Purpose: you will simulate movement at convergent and divergent boundaries to see the
rock patterns that occur at each boundary.
Procedure:
1. Find the sheet of sea floor spreading model patterns and color the sections of the
patterns as indicated.
2. Carefully cut along the DOTTED lines (not the solid lines) to create two
multicolored long strips that should be identical.
3. Tape together the orange colored ends of each strip to create one very long strip.
4. Carefully cut slits A, B and C on the other half of the pattern
5. Thread the taped paper strips through Slit B, beginning with he untapped blue
ends. Pull one side through lit A and then the other side through slit C
6. Pull the thrips through the slits so that the same colors on both strips are coming
out of strip B and different matching colors are disappearing into slits A and C
Questions:
1. What kind of plate boundary does slit B represent?
2. What type of feature is represented at slit B? What is happening at that feature?

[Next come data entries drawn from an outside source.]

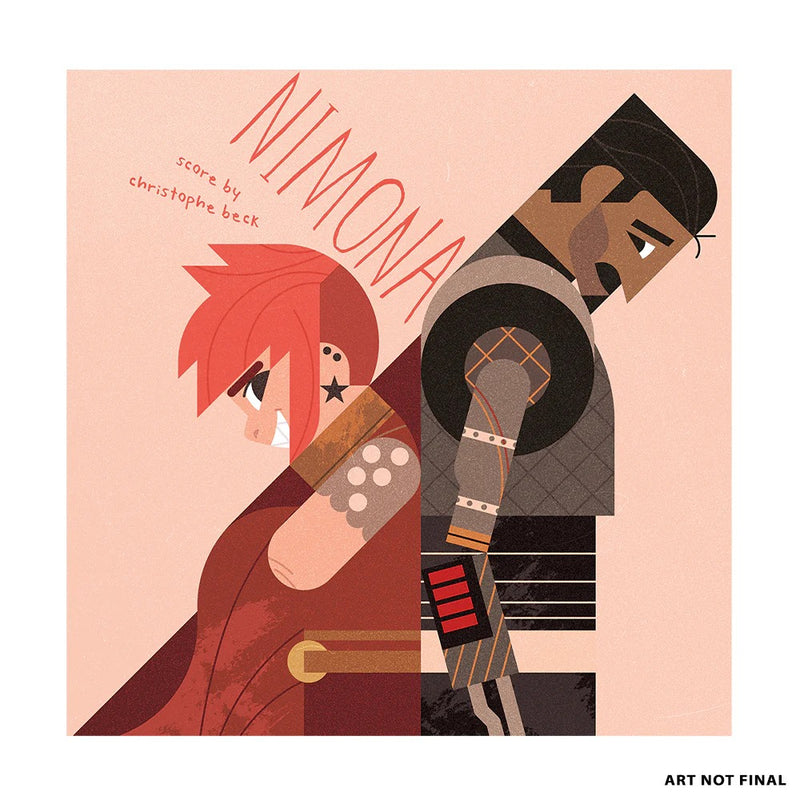 Nimona Soundtrack - iam8bit Exclusive [Audio Vinyl Music] Music (Vinyl) iam8bit   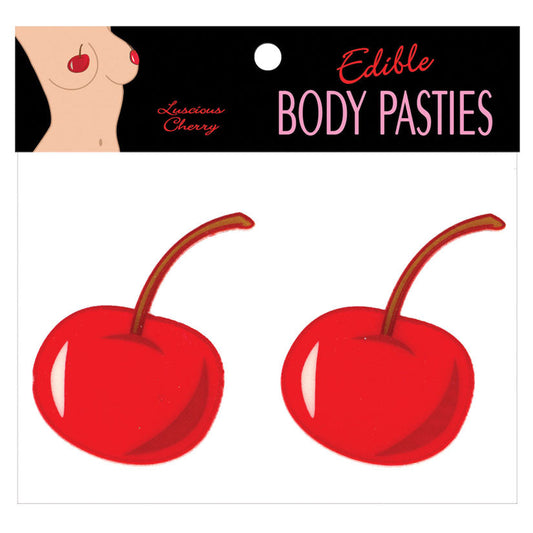 Edible Body Pasties-Cherry.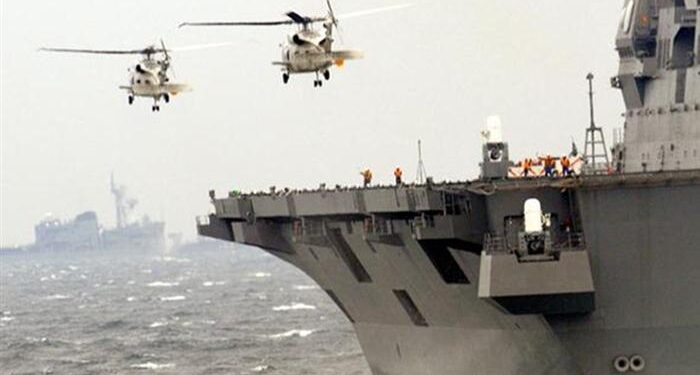 ABD, Hindistan ve Japonya’nın yıllık Malabar tatbikatı başladı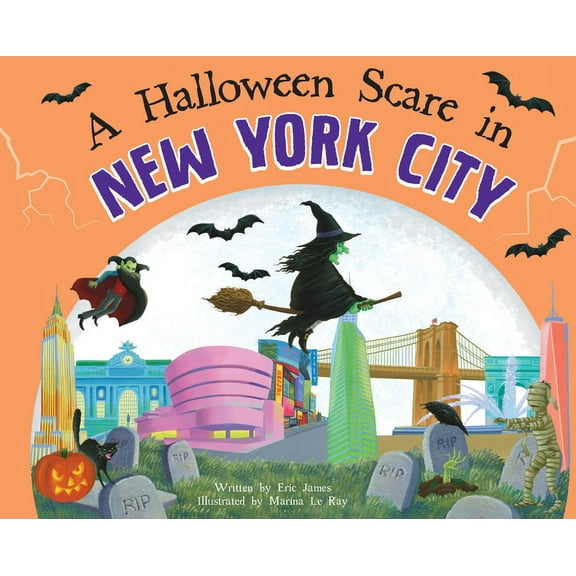 Halloween Scare: A Halloween Scare in New York City (Hardcover)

3. What type of feature is represented at slits A and slit C? What is happening at this
feature?
4. If each color on your strips of paper represent different ages of rock, which color is
youngest?
Which color is oldest?
5. A and C represent convergent boundaries, would these have old ocean floor or young
ocean floor?
6. New seafloor is continually being formed at mid-ocean ridges and old sea floor rock is
continually destroyed at ocean trenches. Continental crust cannot sink because it isn’t
dense enough and is too thick to sink into the mantle. Would you expect the average age
of continental rocks to be older or younger than oceanic rocks?
7. The Earth is 4.6 billion years old. How come the ocean floor rocks are less than 200
million years old?
Look at the map labeled “Age of the Rocks on the Atlantic ocean sea floor” to
answer the remaining questions
1. Where are the oldest rocks of the Atlantic ocean floor found?
How old are they (use the key)?
2. Where are the youngest rocks in the Atlantic ocean found?
How old are they (use the key)?
3. Is the middle of the Atlantic likely a convergent boundary or is it a divergent
boundary? Explain how you can tell.
4. The oldest rocks between Africa and South America are ____________million
years old. The oldest rocks between North America and Africa are
__________million years old. Based on this evidence, what part of Pangaea
began to break apart first: the northern part or was it the Southern part?